I would like to match a number of events to the right time ranges, meaning the event is taking place after the start of the range, but before the end of it. I wonder what if there is a cleaner way to do that than this one?
Here is how I am trying to do it now. Not optimal in my opinion.
import pandas as pd
events = pd.DataFrame([[1], [5], [8], [10]],
columns=['event_time'])
ranges = pd.DataFrame([[0, 5], [5, 7], [7, 9]],
columns=['start_time', 'end_time'])
print(events)
event_time
0 1
1 5
2 8
3 10
print(ranges)
start_time end_time
0 0 5
1 5 7
2 7 9
First, I find the potential ranges that start before the event - but don't look at the end time of the range yet.

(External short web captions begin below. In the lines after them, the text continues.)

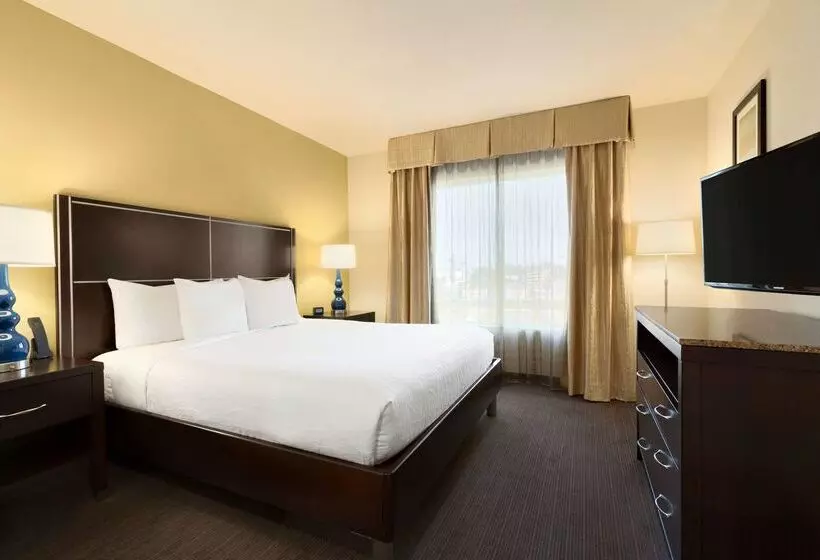 Otel Hilton Garden Inn Houston Nw America Plaza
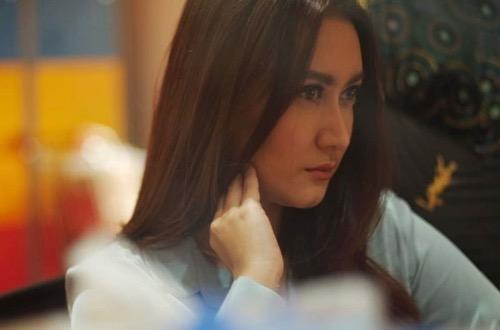 Artis Indonesia punya belahan dagu alami, Nafa Urbach.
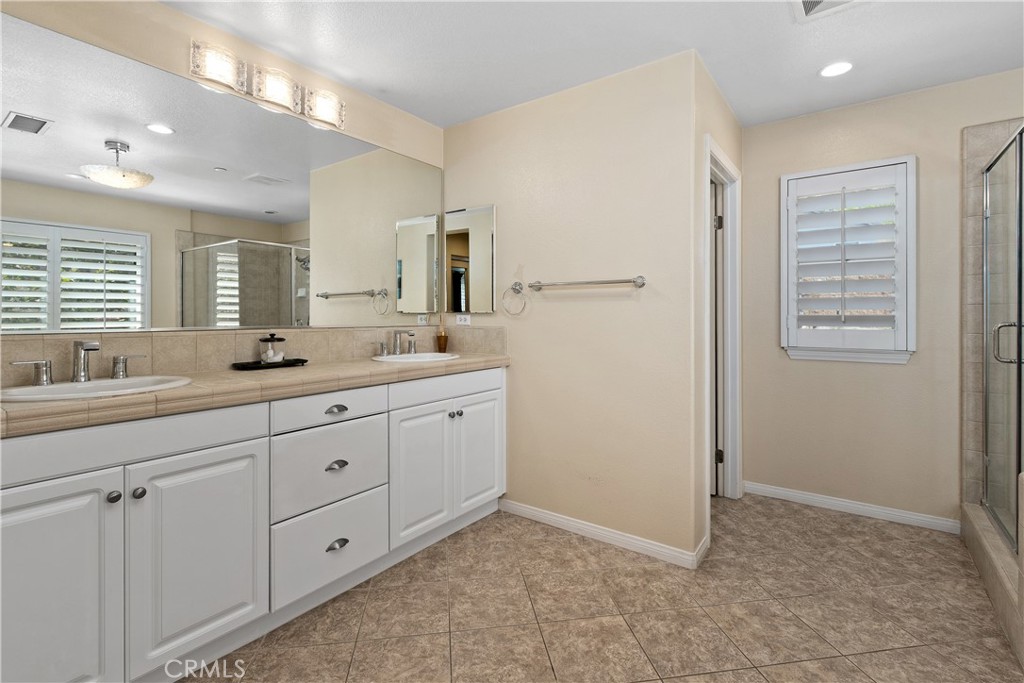 2830 Crestview Drive Property Photo 15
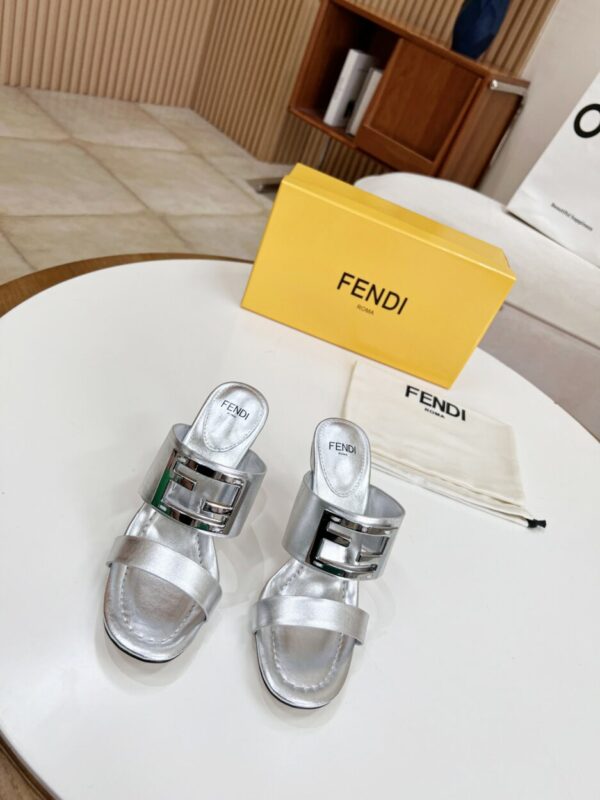 Fendi Baguette Silver Heels For Women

df = pd.merge_asof(events,
ranges,
left_on='event_time',
right_on='start_time',
allow_exact_matches=True)
Here how it looks
print(df)
event_time start_time end_time
0 1 0 5
1 5 5 7
2 8 7 9
3 10 7 9
But the last row is actually not what I want. The range already ended at 9, so event at 10 should not be matched to it.
So I will handle this with this one
df.loc[df['event_time'] > df['end_time'], ['start_time', 'end_time']] = None
print(df)
event_time start_time end_time
0 1 0.0 5.0
1 5 5.0 7.0
2 8 7.0 9.0
3 10 NaN NaN
However, I wonder if there is a way to do this within one merge_asof-like function in a cleaner way?